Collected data
• • • • • • •

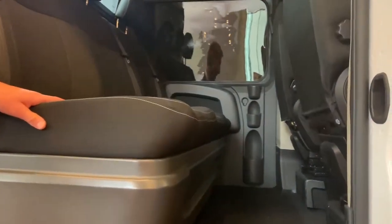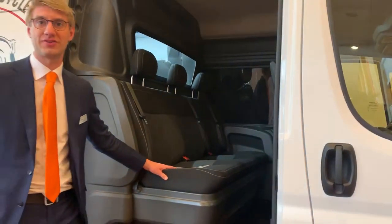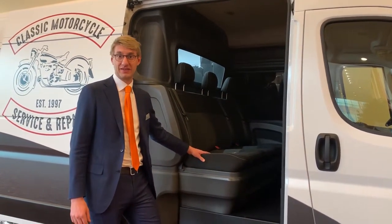The safety partition allows for protection for the passengers against shifting cargo, as well as improves the air conditioning and heating functionalities.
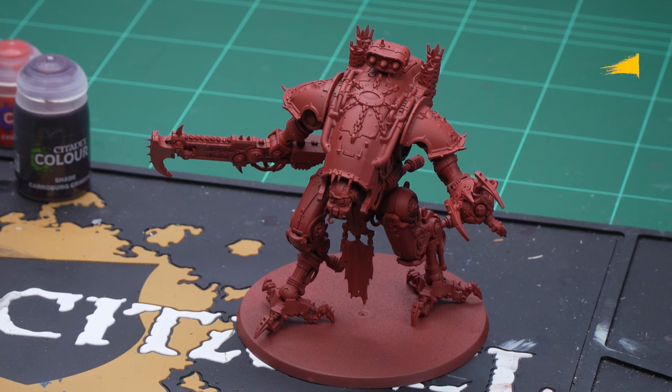Hello and welcome to this painting video. In this video we'll be showing you how to paint the armor and smouldering effects of House Comentis. Before we begin we need to give our war dog an undercoat of Mephiston Red, and now we can start with the red armor.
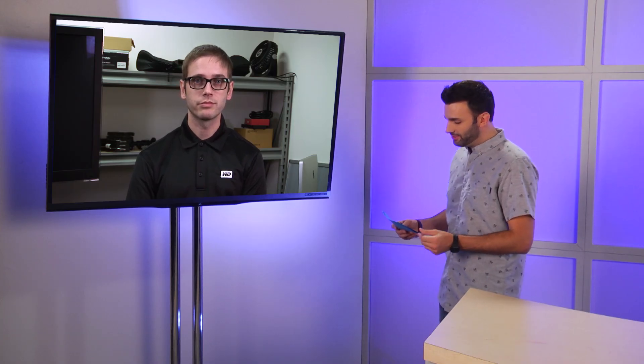Luke from Kemp, Texas has a pretty relatable problem. Luke says: I spilled coffee on my hard drive and it stopped working. What should I do? Oh, that's not good.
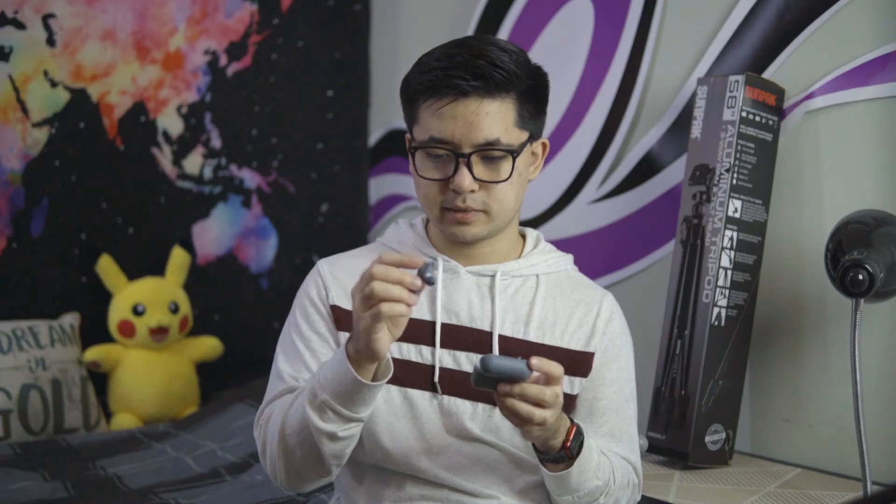I do like the fact that the ear hook — it's more like a loop — the piece of the design that's going to keep it securely attached inside my ear easily fits into the case. With AirPods, you have to constantly carry those separately and attach them when you take them out of the case, then remove them when you put the AirPods back in. So this is nice and convenient that they're just directly on there.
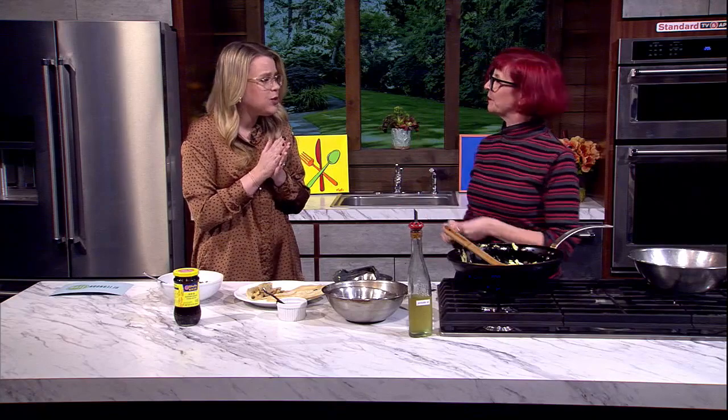So cozy. Thank you. Great to see you. Thank you so much. Wonderful to see you. We'll have this recipe and more about Allison on our website at katu.com. We'll be right back with more Afternoon Live right after this.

• • • • • • •

#### Description of the task:
In the answer, give only the lines from the one containing "I do like the" through the end of the records above, each reproduced exactly. Include no pictures.

#### Written response:
I do like the fact that the ear hook — it's more like a loop — the piece of the design that's going to keep it securely attached inside my ear easily fits into the case. With AirPods, you have to constantly carry those separately and attach them when you take them out of the case, then remove them when you put the AirPods back in. So this is nice and convenient that they're just directly on there.
So cozy. Thank you. Great to see you. Thank you so much. Wonderful to see you. We'll have this recipe and more about Allison on our website at katu.com. We'll be right back with more Afternoon Live right after this.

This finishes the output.